◆ TASK INPUTS:
○ ○ ○ ○

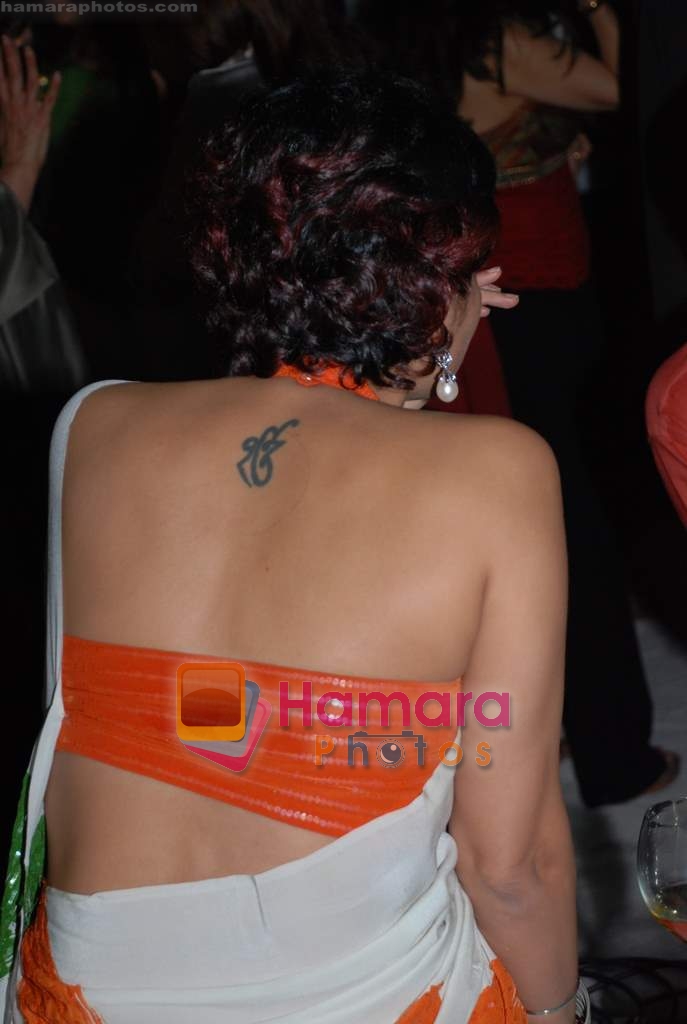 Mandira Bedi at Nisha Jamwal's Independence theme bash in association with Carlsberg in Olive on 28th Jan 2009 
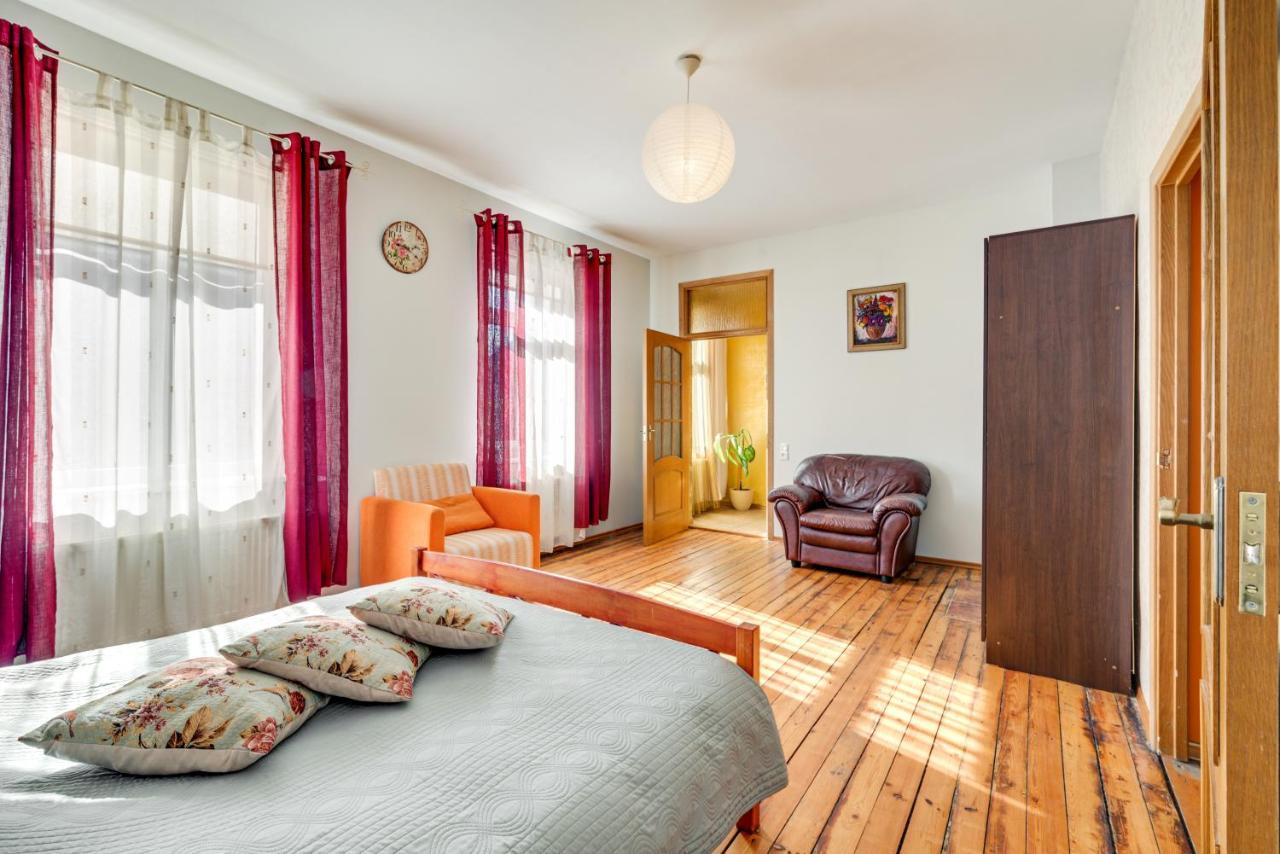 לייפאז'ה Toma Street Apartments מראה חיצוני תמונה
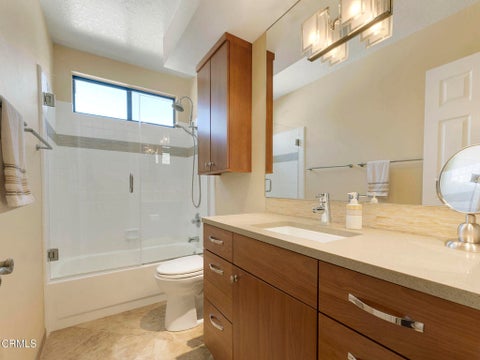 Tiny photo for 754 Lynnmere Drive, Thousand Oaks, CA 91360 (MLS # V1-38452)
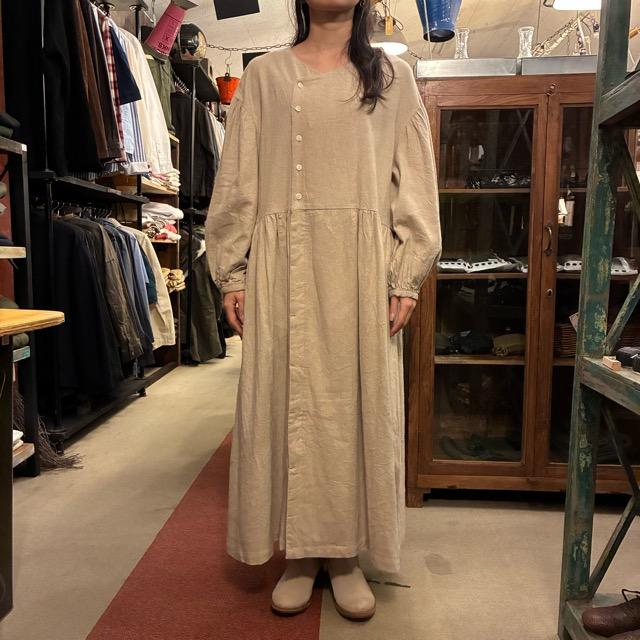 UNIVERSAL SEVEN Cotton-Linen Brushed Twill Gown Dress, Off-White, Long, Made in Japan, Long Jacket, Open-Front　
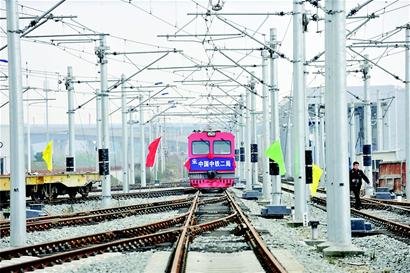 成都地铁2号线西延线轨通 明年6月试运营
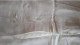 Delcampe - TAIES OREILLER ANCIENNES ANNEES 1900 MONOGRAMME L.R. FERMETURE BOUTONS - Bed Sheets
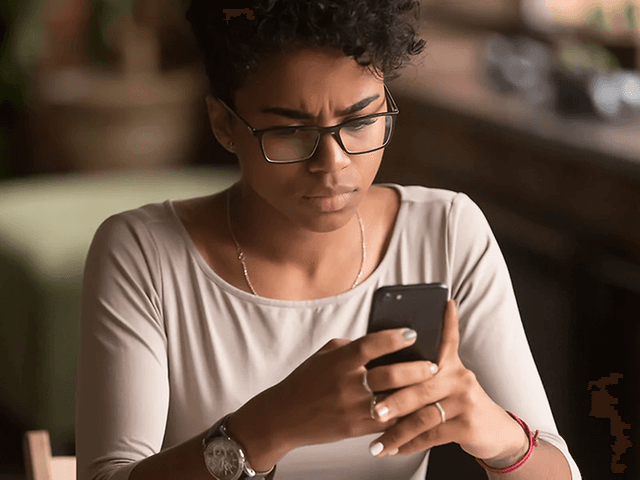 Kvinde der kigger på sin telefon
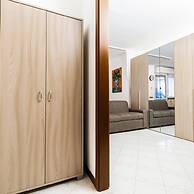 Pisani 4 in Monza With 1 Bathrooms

○ ○ ○ ○

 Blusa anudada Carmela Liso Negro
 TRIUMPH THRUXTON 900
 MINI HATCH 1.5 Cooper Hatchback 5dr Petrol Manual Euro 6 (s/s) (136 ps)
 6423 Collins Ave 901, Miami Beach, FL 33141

○ ○ ○ ○

◆ YOUR GOAL: Please write out, exactly as they appear above, only the lines in the stretch from the line with "TRIUMPH THRUXTON 900" through the line with "6423 Collins Ave 901, Miami Beach, FL 33141".

◆ YOUR SOLUTION:
 TRIUMPH THRUXTON 900
 MINI HATCH 1.5 Cooper Hatchback 5dr Petrol Manual Euro 6 (s/s) (136 ps)
 6423 Collins Ave 901, Miami Beach, FL 33141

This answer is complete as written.